What don't people know about you that you wish they did? My ultimate goal is to retire as a poultry farmer, not as a chef. I want to spend my last days raising chickens, ducks and quails. I'd have fresh eggs all the time.

What daily ritual is non-negotiable for you? At night, I have to unwind and decompress. I have to zone out for at least an hour before I go to bed; otherwise I'll have insomnia.

If you could have any superpower, what would it be? I have great speed, so I'd love to have the power of unlimited speed -- just like Flash Gordon.

What's the most positive trend in food, wine, cocktails or beer that you've noticed in Denver over the past year? The support of local farmers, ranchers, purveyors and businesses.

Who's the one person to watch right now in the Denver dining scene? Max MacKissock is an extremely talented chef, and I'm really curious and intrigued to see what he does next -- but whatever he does will be amazing, because he has the talent to back it up.

Which ingredient is most representative of your personality? Salt. Too much of it can be overwhelming, too little of it can be boring, and just the right amount makes everyone smile and be happy.

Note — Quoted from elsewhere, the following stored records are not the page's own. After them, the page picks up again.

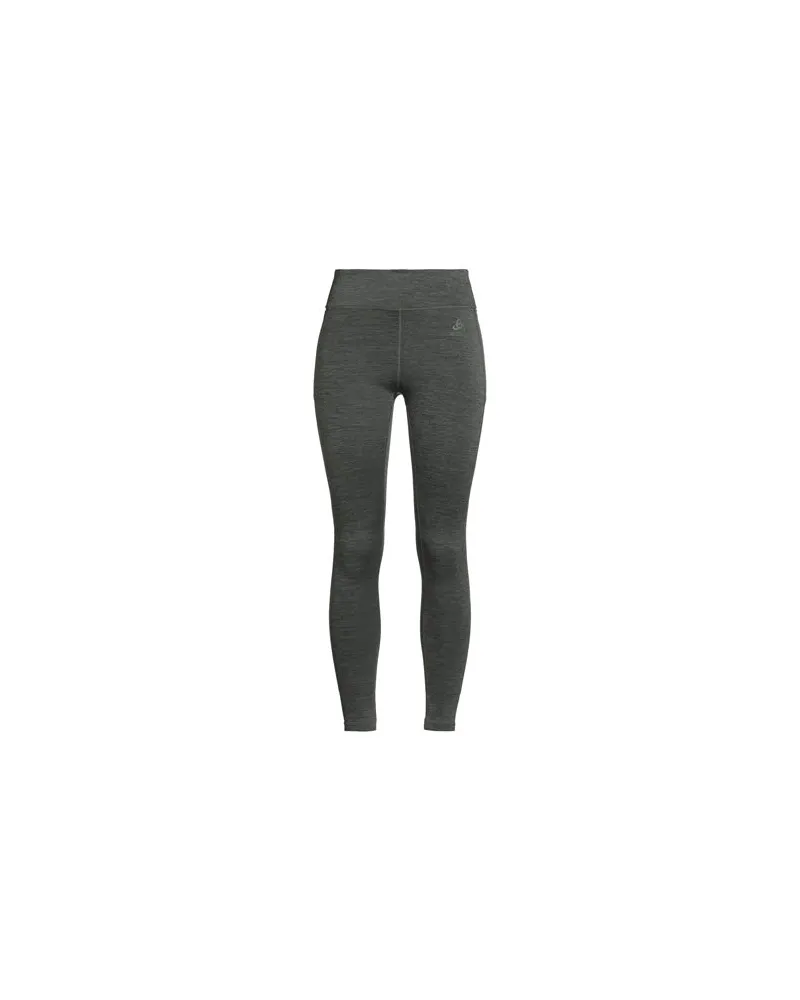 Odlo HOSEN & RÖCKE - Leggingsauf YOOX.COM Salbeigrün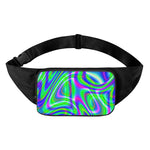 Neon Green Psychedelic Trippy Print Waist Bag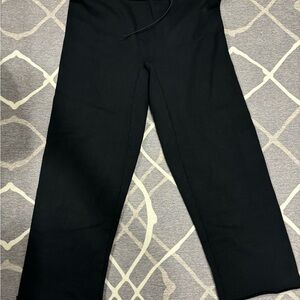 Black Wide-Leg Pants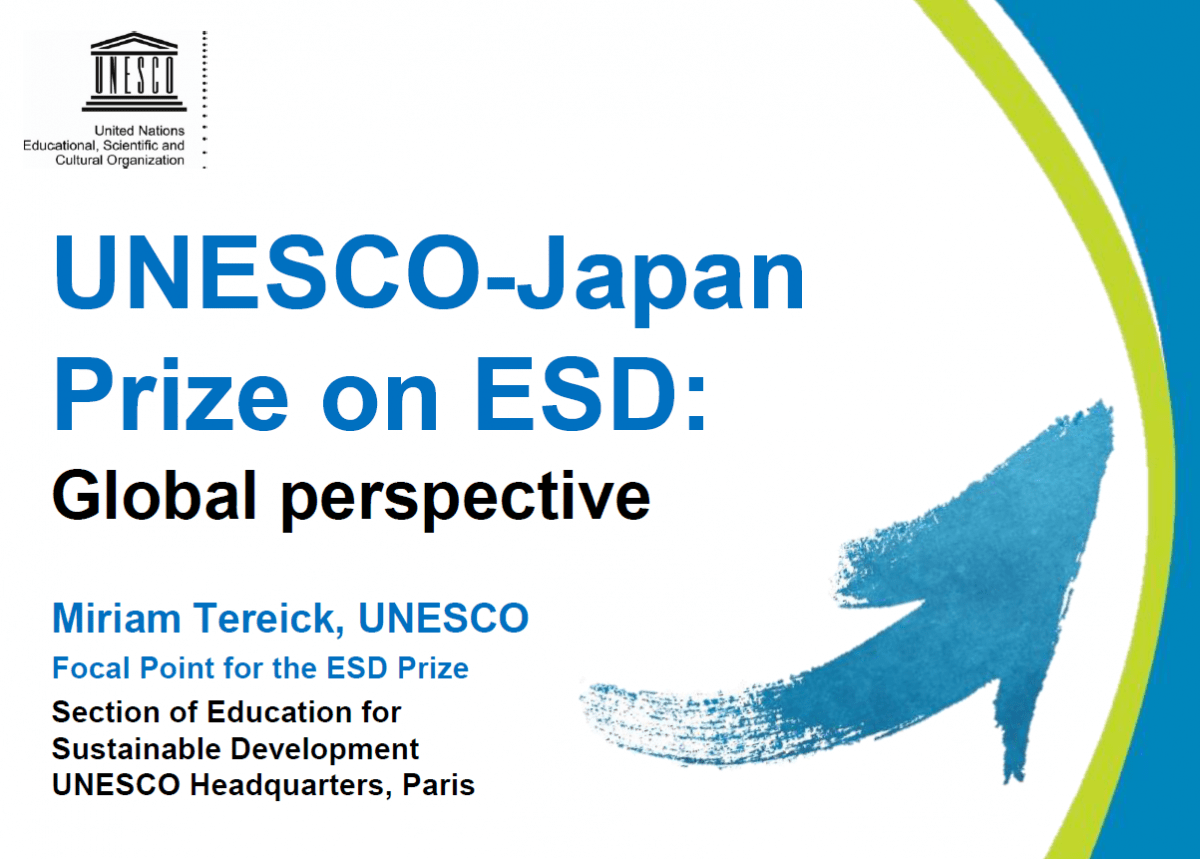 NaDEET a Key Partner of the UNESCO GAP on ESD NaDEET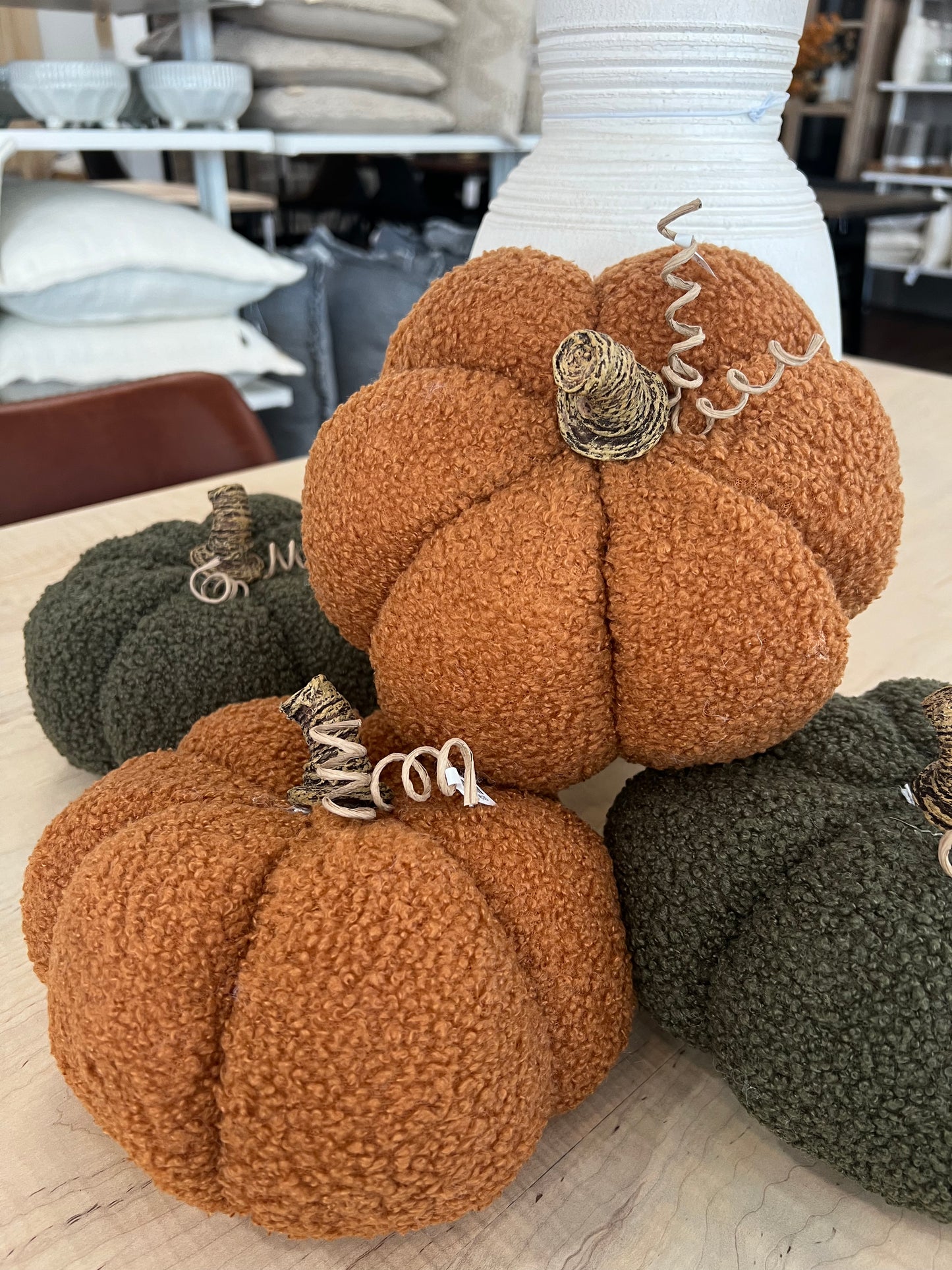 Fall Boucle Pumpkin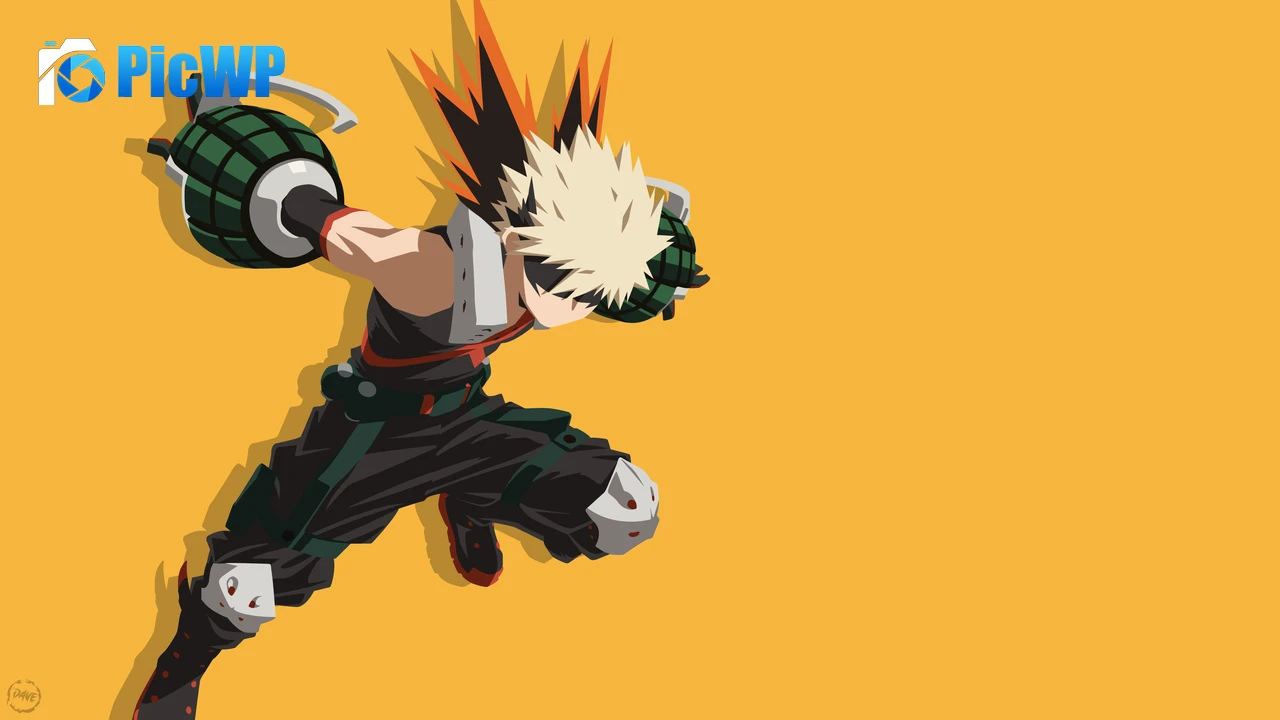 Katsuki Bakugo My Hero Academia 4K PC Wallpaper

If someone asked you to describe the current state of Denver's culinary climate, what would you say? It's still developing, and there's a lot of room for improvement. There are tons of taco places and farm-to-table restaurants, but we need real Spanish tapas restaurants, a great ramen joint, and we need more New York-style delis. I mean, I can't even find a good, fat beef-tongue sandwich here. It would be great to have a simple, hole-in-the-wall oyster bar, too. I hope I can be a part of that improvement.

 

Jensen Cummings, Jeff Osaka and more dish on the ingredients that personify their personalities
Lori Midson

Jeff Osaka Twelve See also: Best Chef Ambassador - 2013: Jeff Osaka

What don't people know about you that you wish they did? I'm not the asshole people think I am.

What daily ritual is non-negotiable for you? I have a two-year-old, and I do my best to spend quality time with her each morning. It reminds me of what my priorities are in life.

If you could have any superpower, what would it be? It's not really a superpower, but I wish I could speak and read any language. Food has one common factor: it sets off many emotions and brings people together for just about any occasion. Food breaks barriers, and speaking and understanding a language does the same thing. Language can save the world -- no superpower can do that.

What's the most positive trend in food, wine, cocktails or beer that you've noticed in Denver over the past year? Diversity. There are a ton of breweries opening in the next year or so, but they all have their own styles, and the same goes for every new restaurant that's opened: They've all created their own personality with individual food and beverage programs.

Who's the one person to watch right now in the Denver dining scene? If I had to narrow it down to one person, it would be Alex Seidel at Fruition. He's had several opportunities to open a second restaurant, but turned them down because they didn't feel right. His decision to open in Union Station is going to be a big deal, and a lot of eyes are on him, including mine. But he's doing it now because it feels right.

Which ingredient is most representative of your personality? Salt. Too much of me is overbearing, not enough of me and I'm next to invisible, but just the right amount, and I'm like your best friend.

If someone asked you to describe the current state of Denver's culinary climate, what would you say? Hopeful, although there are still some areas that need improvement. Denver is always being compared to the next Portland, or Chicago, or San Francisco, but Denver is none of these. In the five years I've been here, I've seen Denver develop its own personality and environment, but with those developments come growing pains -- and finding quality staff is a big issue. New restaurants are popping up like weeds, and the main concern is finding skilled labor to staff these places. Service is just as important as what goes on the plate, and I'm finding that restaurants with great service are the ones that succeed.